### EXERCISE DIRECTIONS
Below are entries; copy exactly the lines from the one with "VW Passat Variant 1.5 TSI Business DSG" through the one with "Villa 2605 Montego", both included, and leave out the rest.

━━━━━ DATA FOR THIS TASK

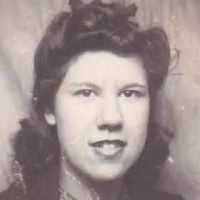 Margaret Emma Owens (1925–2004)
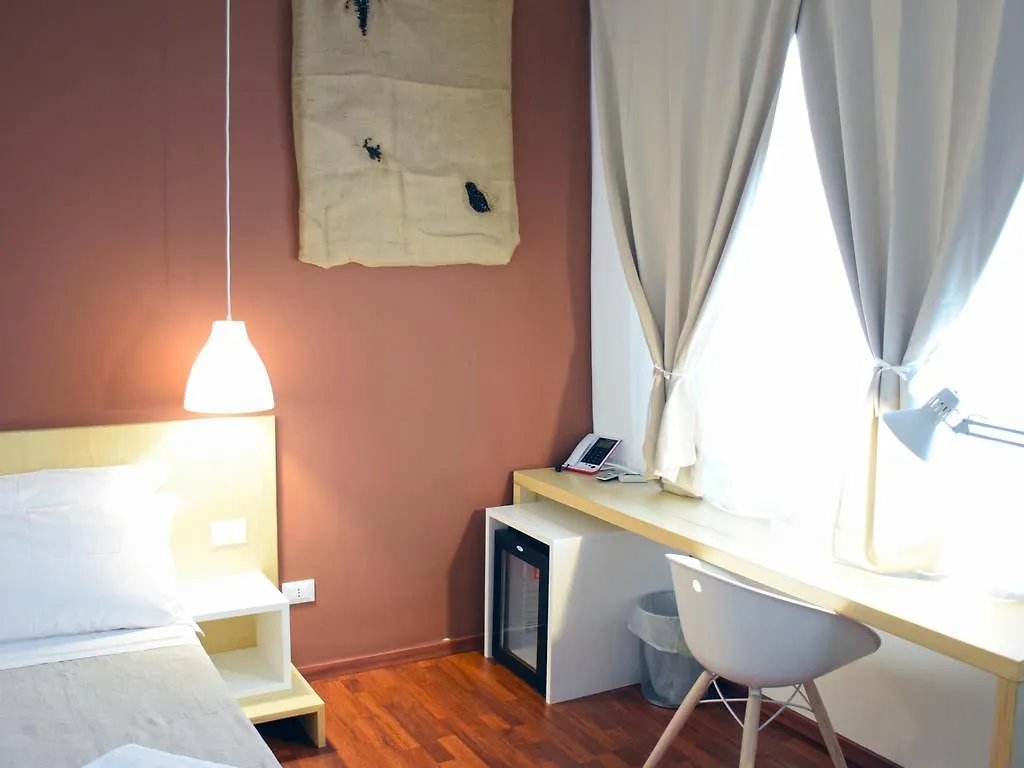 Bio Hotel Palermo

━━━━━━━━━━
━━━━━ DATA FOR THIS TASK

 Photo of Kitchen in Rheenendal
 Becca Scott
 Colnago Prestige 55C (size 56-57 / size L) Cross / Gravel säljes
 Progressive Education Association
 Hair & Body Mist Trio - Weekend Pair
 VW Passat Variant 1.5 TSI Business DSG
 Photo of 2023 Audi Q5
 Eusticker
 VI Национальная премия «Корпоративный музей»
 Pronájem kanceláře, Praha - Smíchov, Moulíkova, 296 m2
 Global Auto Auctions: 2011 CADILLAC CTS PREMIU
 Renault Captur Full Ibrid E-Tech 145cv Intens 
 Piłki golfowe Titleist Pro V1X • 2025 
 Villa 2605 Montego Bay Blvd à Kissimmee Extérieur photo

━━━━━━━━━━
━━━━━ DATA FOR THIS TASK

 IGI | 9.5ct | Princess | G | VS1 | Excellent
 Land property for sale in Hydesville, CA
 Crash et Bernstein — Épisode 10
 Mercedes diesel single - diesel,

━━━━━━━━━━

### EXERCISE RESULT
 VW Passat Variant 1.5 TSI Business DSG
 Photo of 2023 Audi Q5
 Eusticker
 VI Национальная премия «Корпоративный музей»
 Pronájem kanceláře, Praha - Smíchov, Moulíkova, 296 m2
 Global Auto Auctions: 2011 CADILLAC CTS PREMIU
 Renault Captur Full Ibrid E-Tech 145cv Intens 
 Piłki golfowe Titleist Pro V1X • 2025 
 Villa 2605 Montego Bay Blvd à Kissimmee Extérieur photo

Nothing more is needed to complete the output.